Regulatory complexity: Navigating Zimbabwe’s regulatory framework requires extensive legal knowledge and experience in local and international law. Regulatory hurdles can delay project timelines and deter investor interest.

Economic risks: Transaction advisors must navigate Zimbabwe’s volatile  economic landscape, which can impact project stability and investor confidence.

Funding limitations: Many projects in Zimbabwe require significant funding, which may not be readily available. Advisors need to work creatively to structure financing models that attract both local and foreign investors while ensuring project viability.

The role of transaction advisors in Zimbabwe will likely grow in significance as the government continues to embrace privatisation and PPPs as essential strategies for economic development.

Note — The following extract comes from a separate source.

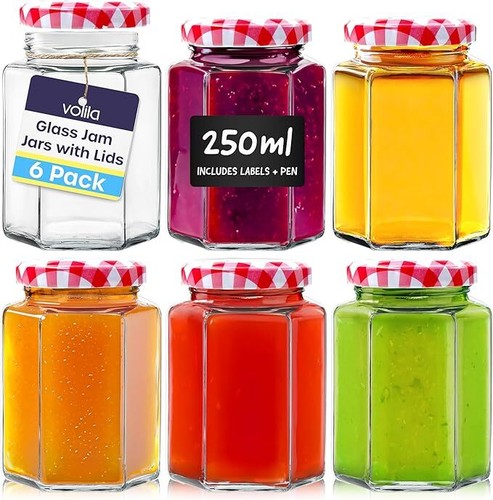 Hexagonal jars glass jam - jars,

By fostering transparent and effective partnerships, advisors can help mitigate the risks associated with these transactions, build investor confidence, and contribute to Zimbabwe’s long-term growth and development.

Transaction advisors with experience in international finance, law, and infrastructure development will be especially valuable in helping Zimbabwe attract the expertise and capital it needs to reach its economic objectives.

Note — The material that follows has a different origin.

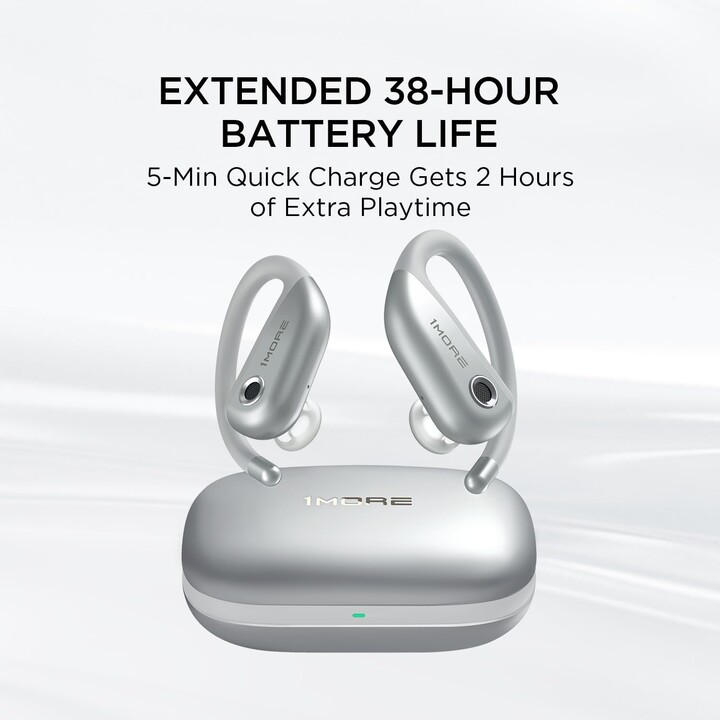 1MORE Fit Open Earbuds S50, Wireless Bluetooth Headphones with Microphone, IPX7, Fast Charging, 38 Hours, Silver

In Zimbabwe’s journey towards economic revitalisation and prosperity, transaction advisors serve as critical enablers of successful privatization and PPP transactions.

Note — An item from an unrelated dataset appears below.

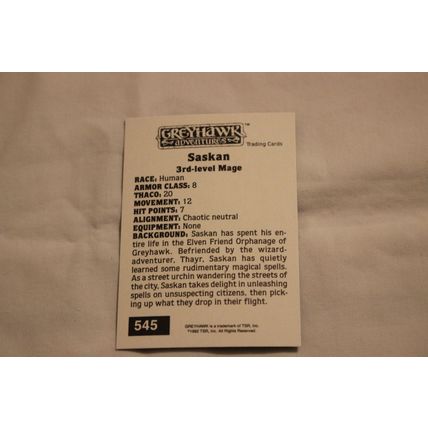 Saskan 1992 TSR 2nd Edition Dungeons & Dragons NO.545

Their expertise in financial structuring, risk assessment, legal compliance, and stakeholder engagement ensures that these transactions are both sustainable and beneficial to all parties involved.

As Zimbabwe continues to advance its economic reforms and infrastructure goals, the role of transaction advisors will be indispensable in creating partnerships that drive innovation, enhance efficiency, and ultimately improve the lives of Zimbabweans.

*Edgar Nyoni : Doctor in Business Administration (DBA) 

Independent consultant/public enterprises reform specialist. Email: [email protected]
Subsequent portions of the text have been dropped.